Just before 2010 and after speaking to CEOs, MPs, heads of legal, etc, Darryl decided to create a model that was very different. They created a law firm with lawyers who had at least 10,000 hours experience (the criteria for being considered expert), thus avoiding impasses due to junior experience – and did away with time sheets. This meant fixed fees as agreed, for clients. They also initiated a profit share so that the lawyers were invested in the work – subverting the usual myopic view of lawyers who are often blind to the wider needs of commercial business. “Our job is to give peace of mind to the client”.
Darryl observed that the reasons for the different law firm culture are threefold:
- To give lives back to lawyers so they can design their own lives and enjoy their profession as they grow their businesses, instead of being slaves to the practice.
They actually earn more and learn about business.

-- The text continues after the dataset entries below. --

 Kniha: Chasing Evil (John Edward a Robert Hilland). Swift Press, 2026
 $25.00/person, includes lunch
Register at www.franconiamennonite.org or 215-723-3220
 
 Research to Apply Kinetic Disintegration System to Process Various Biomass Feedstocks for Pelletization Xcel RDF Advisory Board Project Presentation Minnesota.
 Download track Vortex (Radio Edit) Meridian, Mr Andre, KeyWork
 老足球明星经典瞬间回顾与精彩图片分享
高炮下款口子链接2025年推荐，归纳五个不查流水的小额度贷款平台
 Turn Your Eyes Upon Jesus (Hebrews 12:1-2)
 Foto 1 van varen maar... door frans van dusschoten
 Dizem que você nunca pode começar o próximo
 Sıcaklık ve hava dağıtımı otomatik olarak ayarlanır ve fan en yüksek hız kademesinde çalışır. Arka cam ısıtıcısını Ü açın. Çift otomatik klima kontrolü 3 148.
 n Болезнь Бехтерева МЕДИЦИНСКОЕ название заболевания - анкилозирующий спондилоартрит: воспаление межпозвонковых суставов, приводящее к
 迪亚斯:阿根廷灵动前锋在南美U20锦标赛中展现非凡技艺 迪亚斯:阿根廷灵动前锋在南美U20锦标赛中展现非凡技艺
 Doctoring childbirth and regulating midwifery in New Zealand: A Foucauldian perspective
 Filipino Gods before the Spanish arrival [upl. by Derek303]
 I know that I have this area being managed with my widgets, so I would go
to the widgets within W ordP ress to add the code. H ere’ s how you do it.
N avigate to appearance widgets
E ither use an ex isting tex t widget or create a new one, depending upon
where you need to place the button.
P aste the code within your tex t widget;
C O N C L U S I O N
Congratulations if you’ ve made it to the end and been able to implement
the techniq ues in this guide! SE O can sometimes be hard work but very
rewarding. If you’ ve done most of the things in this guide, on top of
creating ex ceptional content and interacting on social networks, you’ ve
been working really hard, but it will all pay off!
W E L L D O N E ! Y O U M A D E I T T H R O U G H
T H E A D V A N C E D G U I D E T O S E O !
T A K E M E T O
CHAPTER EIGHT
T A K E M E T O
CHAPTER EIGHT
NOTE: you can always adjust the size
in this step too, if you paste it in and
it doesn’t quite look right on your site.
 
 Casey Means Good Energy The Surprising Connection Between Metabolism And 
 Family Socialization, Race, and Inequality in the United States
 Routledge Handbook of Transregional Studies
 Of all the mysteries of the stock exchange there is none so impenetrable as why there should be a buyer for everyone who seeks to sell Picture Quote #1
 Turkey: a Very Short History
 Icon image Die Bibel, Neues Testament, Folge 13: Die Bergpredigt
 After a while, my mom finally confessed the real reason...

- To create a much better service for clients, judged by the Net Promoter Score (NPS) benchmark. This is consistently showing the firm to be ‘outstanding’ with a score of 84+ in contrast to the industry standard which is 19.
- To not be judged on ‘profits for partners’. Instead the aim is to give back to the community.
Darryl also suggested we are among the luckiest people who have ever lived and we have a responsibility to look out for those who are less lucky. We have the time to reap the rewards of giving back, and as entrepreneurs we are the people who can get things done and philanthropic strategies do enhance business.
Next to speak was Rachel McCrystal, senior fundraising manager at the Seashell Trust’s Transforming Lives Appeal. Rachel took to the stand next with her talk on how the landscape of CSR or working with a charity has changed, highlighting the key benefits. Beginning with a little history on Seashell Trust, Rachel began by stating it was founded in 1823, in Salford by two businessmen, Robert Philips and William Bateman, who wanted to establish help for deaf children and set up a special school. Now based in Cheadle Hulme and a national charity, they work with over 40 local authorities across the UK working with the most profoundly disabled children in the country. The ethos is around education and realising a child’s potential through communication.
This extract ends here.